The Morning After: Indy

Posted Oct 11, 2010

Chiefs winning recipe stalls in second half

Todd Haley formulated an aggressive plan to take on Indianapolis; one that was apparent from the opening kickoff Sunday afternoon.

“It’s a mindset in the way that we went into this game and the way we were going to play,” Haley said afterwards.

The mindset resembled a boxing match. One in which the underdog goes on the offensive against the reigning champ as soon as the opening bell sounds. Before Indianapolis’ second-possession, the Chiefs had attempted an onside kick, showed a new defensive package, powered the ball on the ground 10 times for 55 yards and gone for a fourth-down conversion inside the Indianapolis 10-yard line.

To say that the Chiefs came into Indianapolis with an aggressive mindset would be an understatement. This was a team that looked determined to prove that their 3-0 start was legitimate. They sent an early statement that they weren’t scared to go toe-to-toe in the home of the AFC’s elite. The day would go on to become a long blow-for-blow bout before the contender ran out of gas.

For one half, even with the failed onside attempt and fourth-down try that fell short, it appeared the Chiefs  were playing the exact game that they had envisioned while preparing for Indy.

“Opening the game the way that we did was not going to win or lose the game for us, and I even believe that going for it on that first possession was not going to win or lose the game either,” Haley said. “You have to do certain things against a team of this caliber and we set out trying to do that, but just didn’t quite execute in some areas that we had to.”

Most of the areas lacking execution came on the offensive side of the football, and occurred in the second half (more on that below in the Three to Improve segment).

“We just didn’t execute the way that we needed to in the second half and it’s disappointing,” G Ryan Lilja said.

In the second half, the pendulum began to swing. Many of the critical elements of the game shifted against the Chiefs. Indianapolis took a sizeable fourth quarter advantage in time of possession, Kansas City’s run game stalled, the passing game was sporadic, a case of the drops re-appeared and Indianapolis forced critical three-and-outs that limited the Chiefs to just 10% in third-down efficiency.

“We did things that get you beat,” Haley said.

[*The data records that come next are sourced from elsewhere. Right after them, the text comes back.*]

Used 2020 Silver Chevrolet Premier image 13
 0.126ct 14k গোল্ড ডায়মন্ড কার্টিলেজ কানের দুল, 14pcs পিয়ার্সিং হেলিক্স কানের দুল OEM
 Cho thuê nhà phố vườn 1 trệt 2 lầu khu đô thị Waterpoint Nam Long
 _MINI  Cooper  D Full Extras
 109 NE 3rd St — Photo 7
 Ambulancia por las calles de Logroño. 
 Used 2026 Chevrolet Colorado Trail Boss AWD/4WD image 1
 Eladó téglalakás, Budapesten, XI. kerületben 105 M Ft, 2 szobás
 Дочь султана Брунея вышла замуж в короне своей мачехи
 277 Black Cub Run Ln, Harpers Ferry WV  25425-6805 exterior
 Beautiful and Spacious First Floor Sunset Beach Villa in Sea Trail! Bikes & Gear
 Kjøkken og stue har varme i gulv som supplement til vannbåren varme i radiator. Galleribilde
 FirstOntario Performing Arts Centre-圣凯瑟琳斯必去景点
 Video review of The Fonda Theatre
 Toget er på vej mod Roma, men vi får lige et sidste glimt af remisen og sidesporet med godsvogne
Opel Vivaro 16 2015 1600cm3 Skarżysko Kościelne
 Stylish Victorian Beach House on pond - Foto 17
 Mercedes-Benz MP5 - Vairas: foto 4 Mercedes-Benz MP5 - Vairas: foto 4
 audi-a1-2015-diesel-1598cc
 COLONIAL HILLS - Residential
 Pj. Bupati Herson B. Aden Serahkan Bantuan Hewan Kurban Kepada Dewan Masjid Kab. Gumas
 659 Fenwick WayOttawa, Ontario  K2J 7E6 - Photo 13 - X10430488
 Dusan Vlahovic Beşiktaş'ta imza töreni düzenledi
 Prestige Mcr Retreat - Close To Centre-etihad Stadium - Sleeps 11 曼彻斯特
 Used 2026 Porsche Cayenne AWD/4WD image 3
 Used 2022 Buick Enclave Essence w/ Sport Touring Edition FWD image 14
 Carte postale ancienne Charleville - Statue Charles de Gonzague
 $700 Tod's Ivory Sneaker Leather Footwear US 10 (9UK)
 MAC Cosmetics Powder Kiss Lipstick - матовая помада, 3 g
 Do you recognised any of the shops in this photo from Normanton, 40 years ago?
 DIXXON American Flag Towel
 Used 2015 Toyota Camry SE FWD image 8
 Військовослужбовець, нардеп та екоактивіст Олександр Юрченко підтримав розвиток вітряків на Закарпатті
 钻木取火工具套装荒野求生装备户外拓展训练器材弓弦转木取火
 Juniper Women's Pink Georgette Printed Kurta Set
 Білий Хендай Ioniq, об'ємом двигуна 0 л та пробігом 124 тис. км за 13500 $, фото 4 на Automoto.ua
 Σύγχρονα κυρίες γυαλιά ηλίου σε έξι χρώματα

To say that Sunday was a tail of two halves would be a stretch. This was a tie game deep into the third quarter, and it was a one-possession game for most of the fourth quarter as well. Even during the second-half unraveling, Kansas City had a number of opportunities to take the game.

In the locker room, post-game, the missed opportunities of the second half seemed to be the most frustrating factor of the day. A complete game would have won this contest, but the Chiefs weren’t able to be reliable in all three phases for four quarters of football.

The first quarter of the season didn’t finish the way that the Chiefs had hoped, but the team still met Haley’s three-wins-per-quarter goal. In the four-quarter mindset, Kansas City’s season resets this Sunday in Houston; a game which Haley as already described as the biggest to date.

Three To Like

1)      Game-Plan Team

The Chiefs have described themselves as being a “game-plan team,” and there is no greater evidence of that than the defensive scheme that the Chiefs carried into Sunday’s contest. Peyton Manning looked both confused and frustrated throughout the day with the amount of coverage disguises, sub- packages and alignments that Kansas City’s defense showed.

The Chiefs played almost exclusively in nickel, but added a wrinkle that hadn’t been seen on film. Using a two down lineman and Jon McGraw as the fifth DB, it appeared that the Chiefs surprised Indianapolis a bit. Aligning to TE Dallas Clark and various slot receivers, often times at the linebacker level, McGraw would get an interception out of the set while the package also produced a rare no-TD game from Manning.

Most of Manning’s success came late in the game with short pass routes against a fatigued Chiefs defense. He’d finish the day with a very un-Manning like 65.0 QB rating.

“You just try to change it up and mix it up,” LB Mike Vrabel said. “Rush four. Rush five. Rush three. Play some man coverage. Play some zone. You make them kick field goals and that’s success. You look at their numbers in the Red Zone and it’s as good as anybody else. To a point we had some success, and then at the end not so much success.”

Speaking of Red Zone defense, that’s number two on our list of “likes.”

2)      Red Zone Defense

This was one of our areas we focused on heading into the game. The Colts entered Sunday as one of the league’s best in the Red Zone, connecting on TDs in nearly 75% of Red Zone visits. Not only did the Chiefs have two defensive stands inside their own 10-yard line, but they held the Colts to just 33% in Red Zone efficiency.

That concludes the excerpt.